Input material:
*** Begin section ***
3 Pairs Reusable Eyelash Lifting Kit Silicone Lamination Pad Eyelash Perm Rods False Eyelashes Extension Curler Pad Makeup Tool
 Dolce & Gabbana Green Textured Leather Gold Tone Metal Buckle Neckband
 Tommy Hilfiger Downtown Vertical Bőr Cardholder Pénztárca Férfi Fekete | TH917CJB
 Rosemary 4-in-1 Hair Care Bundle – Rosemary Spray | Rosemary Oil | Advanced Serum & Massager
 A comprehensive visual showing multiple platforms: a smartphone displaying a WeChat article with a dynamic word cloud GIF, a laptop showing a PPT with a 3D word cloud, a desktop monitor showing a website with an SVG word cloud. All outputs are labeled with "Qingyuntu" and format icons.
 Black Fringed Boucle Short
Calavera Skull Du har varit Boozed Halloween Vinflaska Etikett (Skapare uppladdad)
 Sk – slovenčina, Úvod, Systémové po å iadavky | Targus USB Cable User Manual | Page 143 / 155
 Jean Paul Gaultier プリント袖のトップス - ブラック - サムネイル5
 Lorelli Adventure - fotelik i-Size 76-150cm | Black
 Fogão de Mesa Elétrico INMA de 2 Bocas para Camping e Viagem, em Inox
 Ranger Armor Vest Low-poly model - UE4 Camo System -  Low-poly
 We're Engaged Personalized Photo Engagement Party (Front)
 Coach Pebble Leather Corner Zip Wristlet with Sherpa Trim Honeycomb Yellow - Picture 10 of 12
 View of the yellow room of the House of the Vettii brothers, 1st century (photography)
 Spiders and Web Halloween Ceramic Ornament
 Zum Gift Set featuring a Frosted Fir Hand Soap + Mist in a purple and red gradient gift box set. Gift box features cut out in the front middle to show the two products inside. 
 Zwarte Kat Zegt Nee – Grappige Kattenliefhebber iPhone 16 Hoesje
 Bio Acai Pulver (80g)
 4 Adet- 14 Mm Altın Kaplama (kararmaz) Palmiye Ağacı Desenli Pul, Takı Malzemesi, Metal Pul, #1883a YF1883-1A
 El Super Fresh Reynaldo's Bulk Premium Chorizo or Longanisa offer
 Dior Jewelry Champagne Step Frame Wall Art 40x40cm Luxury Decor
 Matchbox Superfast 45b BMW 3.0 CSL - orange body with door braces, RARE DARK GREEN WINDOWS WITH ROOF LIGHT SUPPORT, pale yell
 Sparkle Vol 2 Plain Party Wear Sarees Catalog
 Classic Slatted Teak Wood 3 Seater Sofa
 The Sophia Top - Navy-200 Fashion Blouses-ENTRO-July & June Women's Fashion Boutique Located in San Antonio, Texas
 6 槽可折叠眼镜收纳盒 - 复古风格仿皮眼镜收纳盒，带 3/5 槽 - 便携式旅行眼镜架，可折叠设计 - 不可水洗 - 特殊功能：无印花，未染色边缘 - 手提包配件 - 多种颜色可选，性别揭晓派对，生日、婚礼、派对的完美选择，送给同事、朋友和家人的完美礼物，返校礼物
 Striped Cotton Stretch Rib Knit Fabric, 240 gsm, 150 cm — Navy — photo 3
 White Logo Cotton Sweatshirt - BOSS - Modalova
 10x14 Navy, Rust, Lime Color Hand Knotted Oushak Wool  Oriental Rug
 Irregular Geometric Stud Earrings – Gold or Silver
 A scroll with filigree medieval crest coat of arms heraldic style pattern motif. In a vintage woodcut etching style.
*** End section ***
What is being asked:
Repeat each line above exactly as it stands.

Task answer:
3 Pairs Reusable Eyelash Lifting Kit Silicone Lamination Pad Eyelash Perm Rods False Eyelashes Extension Curler Pad Makeup Tool
 Dolce & Gabbana Green Textured Leather Gold Tone Metal Buckle Neckband
 Tommy Hilfiger Downtown Vertical Bőr Cardholder Pénztárca Férfi Fekete | TH917CJB
 Rosemary 4-in-1 Hair Care Bundle – Rosemary Spray | Rosemary Oil | Advanced Serum & Massager
 A comprehensive visual showing multiple platforms: a smartphone displaying a WeChat article with a dynamic word cloud GIF, a laptop showing a PPT with a 3D word cloud, a desktop monitor showing a website with an SVG word cloud. All outputs are labeled with "Qingyuntu" and format icons.
 Black Fringed Boucle Short
Calavera Skull Du har varit Boozed Halloween Vinflaska Etikett (Skapare uppladdad)
 Sk – slovenčina, Úvod, Systémové po å iadavky | Targus USB Cable User Manual | Page 143 / 155
 Jean Paul Gaultier プリント袖のトップス - ブラック - サムネイル5
 Lorelli Adventure - fotelik i-Size 76-150cm | Black
 Fogão de Mesa Elétrico INMA de 2 Bocas para Camping e Viagem, em Inox
 Ranger Armor Vest Low-poly model - UE4 Camo System -  Low-poly
 We're Engaged Personalized Photo Engagement Party (Front)
 Coach Pebble Leather Corner Zip Wristlet with Sherpa Trim Honeycomb Yellow - Picture 10 of 12
 View of the yellow room of the House of the Vettii brothers, 1st century (photography)
 Spiders and Web Halloween Ceramic Ornament
 Zum Gift Set featuring a Frosted Fir Hand Soap + Mist in a purple and red gradient gift box set. Gift box features cut out in the front middle to show the two products inside. 
 Zwarte Kat Zegt Nee – Grappige Kattenliefhebber iPhone 16 Hoesje
 Bio Acai Pulver (80g)
 4 Adet- 14 Mm Altın Kaplama (kararmaz) Palmiye Ağacı Desenli Pul, Takı Malzemesi, Metal Pul, #1883a YF1883-1A
 El Super Fresh Reynaldo's Bulk Premium Chorizo or Longanisa offer
 Dior Jewelry Champagne Step Frame Wall Art 40x40cm Luxury Decor
 Matchbox Superfast 45b BMW 3.0 CSL - orange body with door braces, RARE DARK GREEN WINDOWS WITH ROOF LIGHT SUPPORT, pale yell
 Sparkle Vol 2 Plain Party Wear Sarees Catalog
 Classic Slatted Teak Wood 3 Seater Sofa
 The Sophia Top - Navy-200 Fashion Blouses-ENTRO-July & June Women's Fashion Boutique Located in San Antonio, Texas
 6 槽可折叠眼镜收纳盒 - 复古风格仿皮眼镜收纳盒，带 3/5 槽 - 便携式旅行眼镜架，可折叠设计 - 不可水洗 - 特殊功能：无印花，未染色边缘 - 手提包配件 - 多种颜色可选，性别揭晓派对，生日、婚礼、派对的完美选择，送给同事、朋友和家人的完美礼物，返校礼物
 Striped Cotton Stretch Rib Knit Fabric, 240 gsm, 150 cm — Navy — photo 3
 White Logo Cotton Sweatshirt - BOSS - Modalova
 10x14 Navy, Rust, Lime Color Hand Knotted Oushak Wool  Oriental Rug
 Irregular Geometric Stud Earrings – Gold or Silver
 A scroll with filigree medieval crest coat of arms heraldic style pattern motif. In a vintage woodcut etching style.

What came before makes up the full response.